How deceptively swollen your biceps were after a few reps of curls.

And one day, The Sled showed that pristine pressed glass who the top dawg in Coach Tiller’s domain really was.

A lineman who shall remain nameless (mainly because I do not recall who did it) failed to keep his technique proper on the way back down from a sled rep.

As the dummy barreled back to its starting point, the big fella lost control and bid his footing adieu.

I can only imagine the unique brand of horror that this individual felt during the few seconds in which both of these things were true:

– Knowing you had lost proper pad-level and leverage on The Sled while Coach Tiller evaluated your performance

– Knowing that your rear end was about to shatter The Mirror

So yeah. Some big, unfortunate soul shattered The Mirror with his butt and everybody had to suck air in the parking lot as punishment.

We didn’t have any radio the rest of that day.

Not even Strawberry Wine.

We’d take it all on loop if it meant that big dumb mirror hadn’t broken.

Bittersweet, indeed.

Some days I feel like I’m back up against that sled in that weight room

I lost my full-time job in the spring of 2023.

Instead of settling in to a slippery slope of devoting my full-time work for their part-time pay, I started this site with a wave of energy, ready to take the humor of Coffeetown football to the next level.

After going part-time with that employer and working to supplement my financial hit through other freelance projects, I lost that job completely in the fall.

The sports publishing start-up world is cold and strange.

People get excited and make promises they can’t deliver on for one reason or another.

If you thought The Mirror had it bad, sports media in general is an absolute wreck at the moment, if you haven’t been paying attention.

I was running more Coffeetown social media accounts than anyone ever cares to check on. Doing a bunch of things decently, but none of them great.

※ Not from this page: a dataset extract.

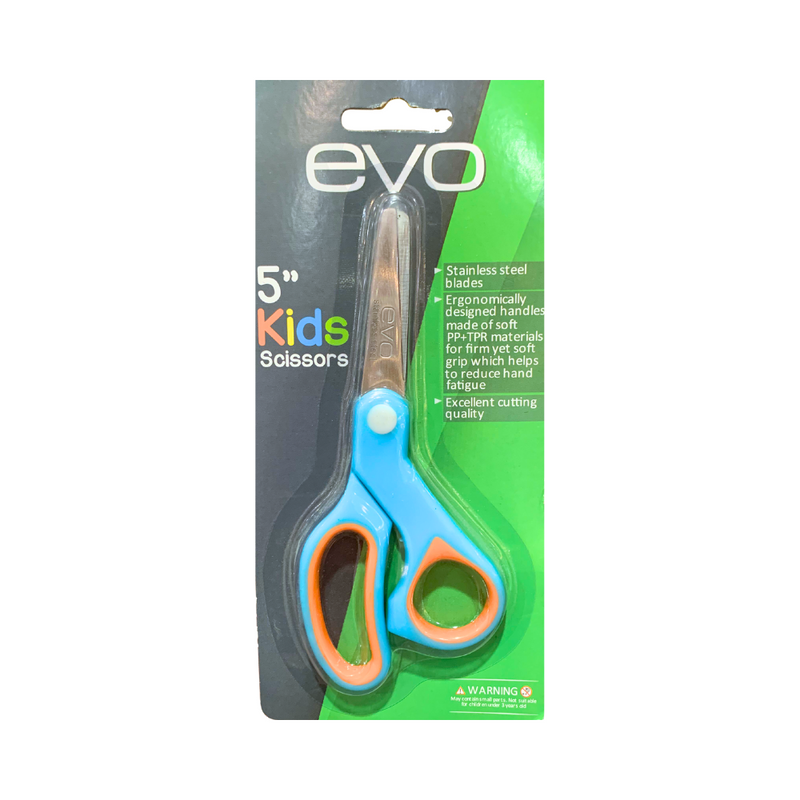 Evo Kids Scissors Light Blue And Orange 5in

Once again, I found myself squared up with a sled I didn’t choose to push.

My wife and I had two kids under four. I took some time to re-evaluate who I was as a professional, what I hoped to be, and to be the husband and father I wanted to be.

I knew I owed the subscribers of this site content, even outside of football season.

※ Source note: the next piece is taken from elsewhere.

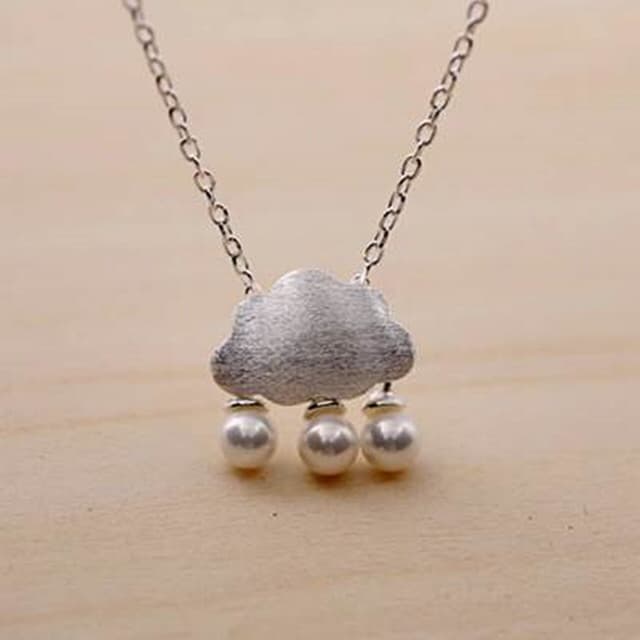 【米蘭精品】現貨+預購 項鍊珍珠流行銀飾品復古簡約雲朵造型母親節生日情人節聖誕節交換禮物73as45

And I knew that I wanted to continue building this site for the long-haul.

I just didn’t want to force anything that wouldn’t be doing right by any of us in the short-term.

The more I thought about GoCoffeetown.com in 2024, the more I knew I had to get back to what I knew – not just what I thought people would want to laugh at in a video clip.

I thought about the high school stories I covered as a young journalist. The joy and passion I had for those coaches and players.

I thought about that rusted weight room and that sled and those practices that made us puke and how I’d give anything to re-live any of those days with all of those friends and teammates.

And all of those memories told me to get back to work on all the high school football stories we love.

I haven’t even had to puke once.

It took some time to re-calibrate my vision and re-tool the infrastructure for this website, but both are up and running.

Thank you for your dedication to that idea and for being here as a subscriber.

If you’d like a refund because I took some time to clear my head, I get it.

Hopefully, you’re sticking around. I appreciate your willingness to hang tight with me and with Coffeetown football.

Look forward to adding you to the fold for at least a couple stories here each week.

Here’s what you can expect as a subscriber moving forward:

This is still the home of Coffeetown football stories.

It’s also the home of real stories – yours and mine.

And if you’re reading this and don’t have a story to share, then pass it along to any of the high school coached you happen to know. I’m sure they have plenty.

I’ll also write more than a few think pieces on all things high school football movies and television shows.

For example – it’s about to be the 20-year anniversary of Friday Night Lights and the 20-year anniversary of the first time I touched a barbell in Coach Tiller’s weight room.

So I’ll be re-watching that a dozen times or so and re-living all of Tim McGraw’s quotes with you. Full-circle stuff.

The winter’s thawed.

And I’m ready to get pushing on that sled again.